No, but interesting that you know another who promoted that idea. The author who was referred to me was a Cairo lawyer turned journalist — and when I ran out of ideas on how to find out more about him and his work, I had a research librarian at a local university library do more research. Her conclusions were that the author of the book was not a professional historian and his views (i.e., Moses copied 10 commandments from Book of the Dead) not accepted so take them with a grain of salt. Also consulted an Egyptologist at the Oriental Institute in Chicago as well as the head of the archaeology dept at a local private college. They also were skeptical of the alleged Book of the Dead connection. A negative reference in a footnote in one of Redmond’s books plus Redmond’s negative review of the man’s book – were my only contributions to the research.

Are you asking me also the question about the necessity of believing Moses gave the law???

(RiderOnTheClouds) #34

No, I’m not asking you in particular

(Robin) #35

Whether it is “a pillar” – necessary or otherwise — not so sure.

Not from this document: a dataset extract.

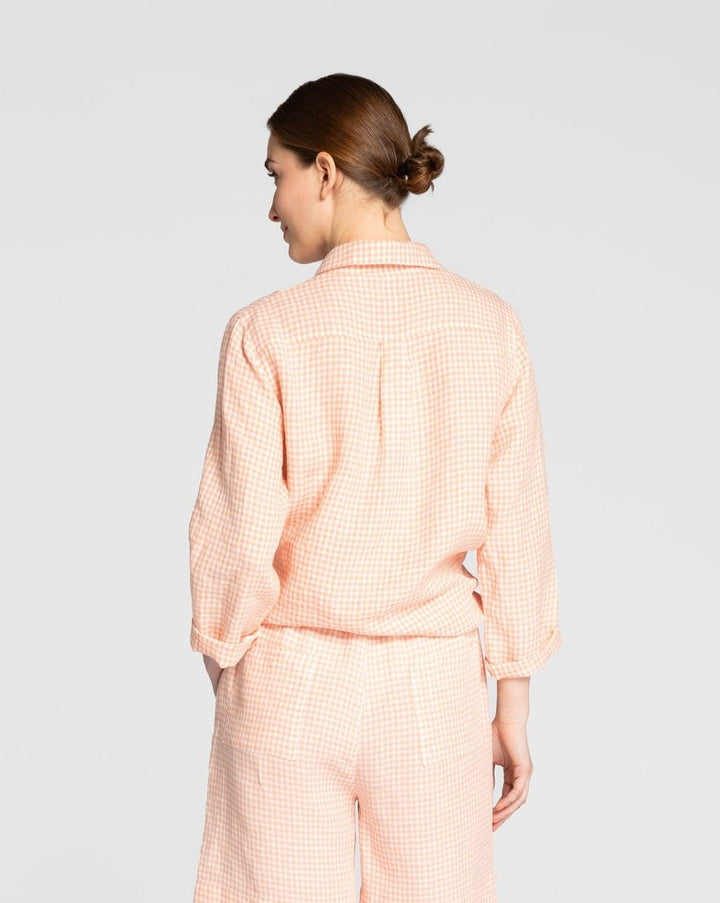 Kuusama Mindy Linen Shirt | White/Peach - pirkko. Kuusama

But skepticism for the sake of skepticism is like a small child sitting at table and refusing to eat anything on their plate…peeivshness, maybe?

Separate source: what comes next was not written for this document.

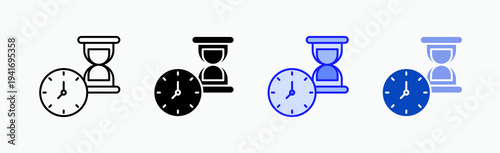Hour glass Icon Sheet Multiple Style Collection Isolated Vector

The writing of the “law” by a man educated in the royal schools of Egypt — not at all unlikely that he was literate enough, even after a long stint in the wilderness with the sheep. Whether or not one subscribes to the belief that Moses was given the “law” by God and not by Alfred Neuman — you either believe it or you don’t. But saying that it is attributed to him, and historically has been, is certainly reality…

Whether this is “a necessary pillar for believers” is your own decision.

(Matthew Pevarnik) #36

Sure, though it doesn’t demonstrate the historical accuracy of anything other than the fact that there was a leader named David who lived in a similar time period as descried by the Bible. Perhaps what is recorded in the Bible happened exactly as we imagine it or maybe the tells were exaggerated over the centuries. I’m not personally advocating one or the other, just pointing out the limits of what archaeological evidence can tells us or not.

Yes, but the slavery aspect didn’t begin right away. It’s a bit confusing as to the timeline as it seems to be that there was one pharaoh at the beginning of the 400 year period and then after Joseph and his generation passed away there was a new pharaoh that didn’t know them and then the Moses story begins. But the exodus story is far from embarrassing for a people group being enslaved! I’m not sure quite how you can support that argument as the entire exodus story is framed around the superiority of the Hebrew people and their deity who reveals his name as Yahweh.


To jump in, the signifance of the Tel Dan Inscription is more than simply showing a David existed. The inscription says the “House of David”, and records the royal progeny of this house. This means that David didn’t only exist, but with the title ‘House of David’ we also know he was the progenitor of a dynasty and probably a king/leader. More recent excavations have continued to support, in the way I see it, of a more and more complex and powerful Judahite kingdom in the time of David.

(Robin) #38

I like Korvexius’ response below.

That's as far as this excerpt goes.